18. But, we have no doubt in our mind that the exemption could be granted on
the basis of the price of the goods on first sale thereof. We, however, do not
accept the submissions of Mr. Vellapally based on the decision of this Court in
Amrit Banaspati Co.Ltd. & Anr. v. State of Punjab & Anr. Also reported
in  (S.C.).  that although the respondent was entitled to
exemption from payment of tax, it was not entitled to any refund. In Amrit
Banaspati (supra), this Court held :-
"11. Exemption from tax to encourage industrialization should not be
confused with refund of tax. They are two different legal and distinct
concepts. An exemption is a concession allowed to a class or individual from
general burden for valid and justifiable reason. For instance tax holiday or
concession to new or expanding industries is well known to be one of the
methods to grant incentive to encourage industrialization. Avowed objective is
to enable the industry to stand up and compete in the market. Sales tax is an
indirect tax which is ultimately passed on to the consumer. If an industry is
exempt from tax the ultimate beneficiary is the consumer. The industry is
allowed to overcome its teething period by selling its products at
comparatively cheaper rate as compared to others. Therefore, both the
manufacturer and consumer gain, one by concession of non-levy and other by
non-payment. Such provisions in an act or notification or orders issued by
Government are neither illegal nor against public policy.

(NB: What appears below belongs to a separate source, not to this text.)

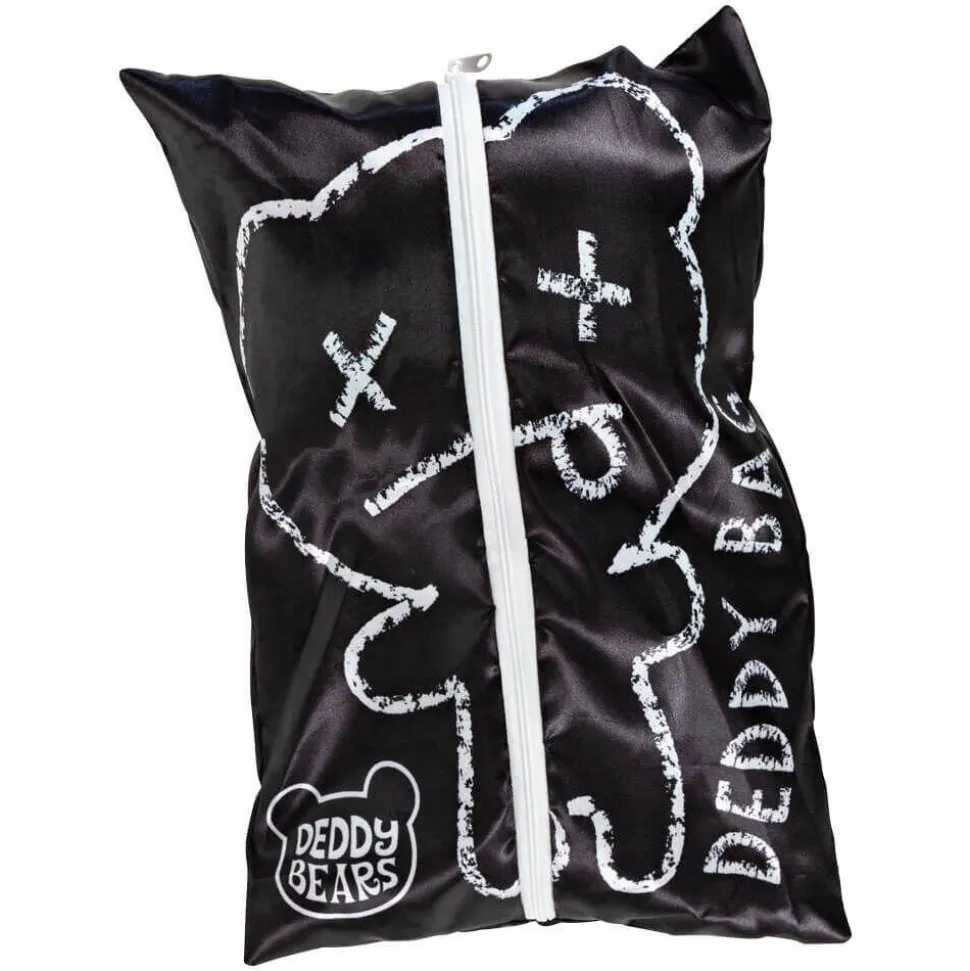Deddy Bears - Bundle in Body Bag 12" Plush (Series 1)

12. But the refund of tax is made in consequence of excess payment of it or its
realization illegally or contrary to the provisions of law. A provision or
agreement to refund tax due or realized in accordance with law cannot be
comprehended. No law can be made to refund tax to a manufacturer realized under
a statute. It would be invalid and ultra vires..."

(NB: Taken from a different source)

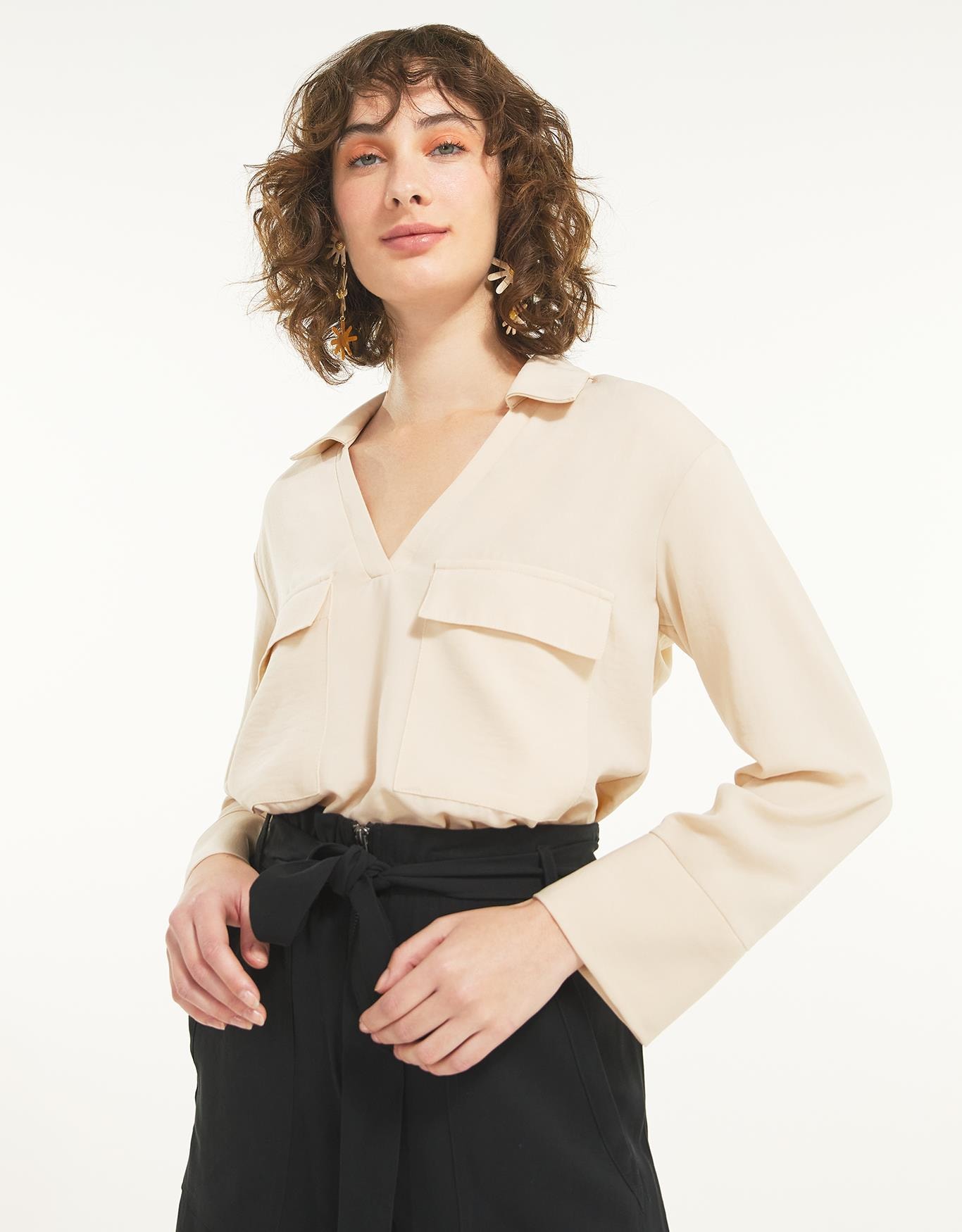 image_e2fc0cd0-12f6-4688-8675-666054d1d6ba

19. In that case, the issue was as to whether the manufacturer of Banaspati had
set up an industry in the State of Punjab, on the assurance that the sales tax
amount actually collected by it from the ultimate purchasers, would be refunded
to it by way of incentive, can be enforced by a court of law. Such a prayer was
declined on the ground that refund of tax is made in consequence of excess
payment of it. This case, however, deals with completely different situation as
despite the exemption notification issued in terms of a statute, the respondent
was compelled to pay tax through its purchase price when it purchased the scrap
material from subsequent sellers. The State cannot resile itself from the
statutory provisions of exemption made by it. In our opinion, in equity, the
State in a situation of this nature, must act in letters and spirit of the
Act. However, State can only refund what it actually collected and not
any amount which it had not collected. We, therefore, are of the opinion that
the interest of justice would be subserved if an opportunity is given to the
respondent to produce evidence before the assessing authority in regard to
existence of the legal requirements, as noticed hereinbefore, for maintaining
its claim of refund. The assessing authority shall give an opportunity to the
respondent to place all materials in connection therewith or in relation
thereto. It would also be open to the assessing authority, if any situation
arises therefore, to call for any record from the Rourkela Steel Plant or any
other 'dealer'. We, furthermore, are of the opinion that the respondent would
not be entitled to any interest on the refund amount for the present as the
quantum thereof is yet to be determined.
20. These appeals are accordingly allowed to the extent mentioned hereinbefore
and with the above directions. However, in the facts and circumstances of the
case, there shall be no order as to costs.